Michigan has "Blue Laws" restricting the sale of alcohol on Sundays, and also on Christmas (MCL 436.2113). Signs were up in many a store stating that alcohol could not be sold, so if you ran out after 9 p.m., you were out of luck with your bananas flambe.
The default rule in Michigan is that alcohol cannot be sold on Sundays at all unless a county government has a referendum and the proposal to allow alcohol for sale passes by a majority of the popular vote.
But even if a county allows the sale of alcohol on Sundays, it cannot be sold from 2 a.m. until after 12:00 p.m., and alcohol also cannot be sold from 9 p.m. on December 24 and 7 a.m. on December 26.
Blue laws are an anachronistic hangover (pardon the pun) so to speak from the time when the state was strictly regulating moral behavior, and one should be in church on Sundays and should not be violating the sabbath by drinking etc. Some counties in Michigan even maintain anti-hunting bans on Sundays, once again to make sure the faithful go to church. Of course these laws don't do much for the morals of adherents of other faiths, especially when they could often use a drink themselves.
Interestingly, many state courts have upheld these laws in the face of challenges based on religious diuscrimination, not to mention First Amendment establishment of religion issues. The courts declare that a Sunday or Christmas ban on sales of alcohol is not done for religious purposes but for the secular purpoose of a rational and reasonable relationship to the public health, safety, morals or general welfare because thereby protection is afforded all citizens from the evils attendant upon uninterrupted labor. Silver Rose Entertainment v. Clay County, 646 So. 2d 246 (1994).
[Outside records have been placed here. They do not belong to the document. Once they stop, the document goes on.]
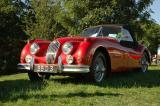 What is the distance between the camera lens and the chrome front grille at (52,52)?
9695 mm

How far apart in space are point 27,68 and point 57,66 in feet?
3.31

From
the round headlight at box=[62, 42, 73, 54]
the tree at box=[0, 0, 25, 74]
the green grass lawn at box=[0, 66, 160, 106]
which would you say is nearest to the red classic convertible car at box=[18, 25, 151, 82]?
the round headlight at box=[62, 42, 73, 54]

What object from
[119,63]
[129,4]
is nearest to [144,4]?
[129,4]

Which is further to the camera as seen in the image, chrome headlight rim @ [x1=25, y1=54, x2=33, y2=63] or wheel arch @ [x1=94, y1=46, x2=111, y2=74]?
chrome headlight rim @ [x1=25, y1=54, x2=33, y2=63]

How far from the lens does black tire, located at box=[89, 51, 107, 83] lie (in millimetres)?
9578

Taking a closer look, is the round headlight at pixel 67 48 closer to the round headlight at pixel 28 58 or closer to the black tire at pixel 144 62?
the round headlight at pixel 28 58

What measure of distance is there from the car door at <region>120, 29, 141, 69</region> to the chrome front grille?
2.28 meters

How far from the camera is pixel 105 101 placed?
7133 mm

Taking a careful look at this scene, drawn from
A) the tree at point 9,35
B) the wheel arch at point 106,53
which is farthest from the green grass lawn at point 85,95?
the tree at point 9,35

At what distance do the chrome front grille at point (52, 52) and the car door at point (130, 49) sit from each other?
7.49 ft

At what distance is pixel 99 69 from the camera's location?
10031 mm

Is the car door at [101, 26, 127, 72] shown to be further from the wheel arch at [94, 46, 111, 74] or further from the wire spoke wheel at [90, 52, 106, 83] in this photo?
the wire spoke wheel at [90, 52, 106, 83]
The Florida Court of Appeals in this case by example even concluded that a ban on the sale of alcohol on Christmas was likewise permissible as Christmas has secular components and the sale of alcohol can be banned as well to allow people to spend time with their families but it notes that vendors can still sell food and non-alcoholic beverages, and the court holds that in any case if people want to up the octane of their eggnog they can buy the alcohol ahead of time.
(If anyone else can follow the logic here let me know - apparently vendors should have time off for their families but should still be open to sell food and beverages, but it would apparently be too laborius for them to sell demon rum).
The court held that the governmental purpose of preventing people from consuming alcohol during Christmas was permissible and did not run afoul of the establishment clause as discouraging the consumption of alcohol on Christmas doesn't establish religion and was done for secular purposes.
Other states have similarly upheld such bans on sales on Sundays and Christmas.
Does anyone else really believe that banning the sale of alcohol during the time of Christian church services on Sundays and on Christmas does not have a primary religious purpose and has entangled government with a specific religion and violates the Establishment clause, not to mention equal protection issues for people of other faiths?